The pressure describes the force distribution on a surface and is therefore a measure of the magnitude with which a surface is loaded!

Definition

In everyday life one often encounters the concept of pressure. When baking, you press your fingers into the dough to knead it. The feet of a heavy table press into the soft wooden floor and leave pressure marks. A drawing pin is pressed into a wall to hang up a poster.

These examples show that a pressure obviously only arises when at least two objects are involved (finger/dough, table/floor, pin/wall) and exert forces onto each other. The pressure always occurs at the contact surfaces of the two objects.

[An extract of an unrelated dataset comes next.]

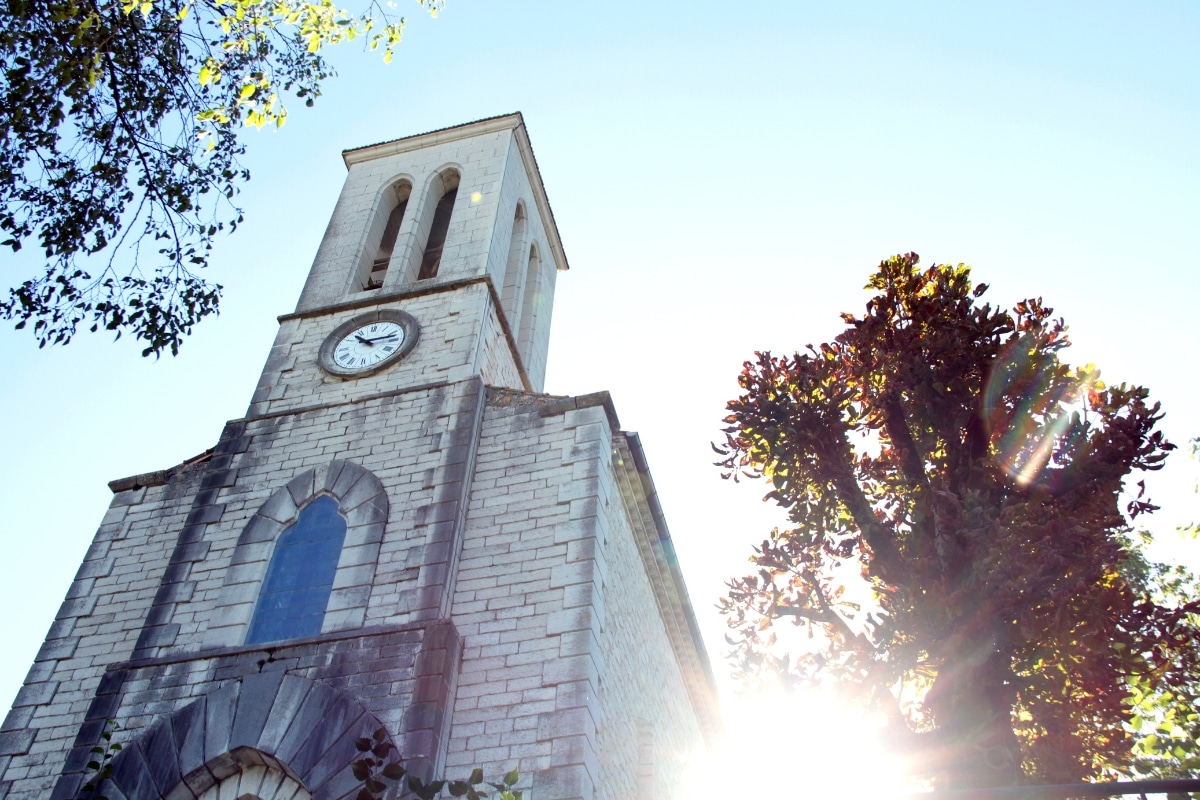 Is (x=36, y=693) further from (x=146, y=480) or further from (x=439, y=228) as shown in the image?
(x=439, y=228)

Pressure mark of a heavy table on a floor
Figure: Pressure mark of a heavy table on a floor

But not only the force is decisive for the magnitude of the pressure. If, for example, one holds a drawing pin between thumb and index finger, one will notice differences when pressing the fingers together, although both sides are subjected to the same force. The tip of the drawing pin presses into the skin much more painfully than the opposite head.

Pressing a drawing pin together between two fingers
Figure: Pressing a drawing pin together between two fingers

The pressure marks left behind by the feet of the table on a wooden floor will also be deeper, the smaller the contact surface is. In addition to the force, the surface area is also decisive for the magnitude of the pressure.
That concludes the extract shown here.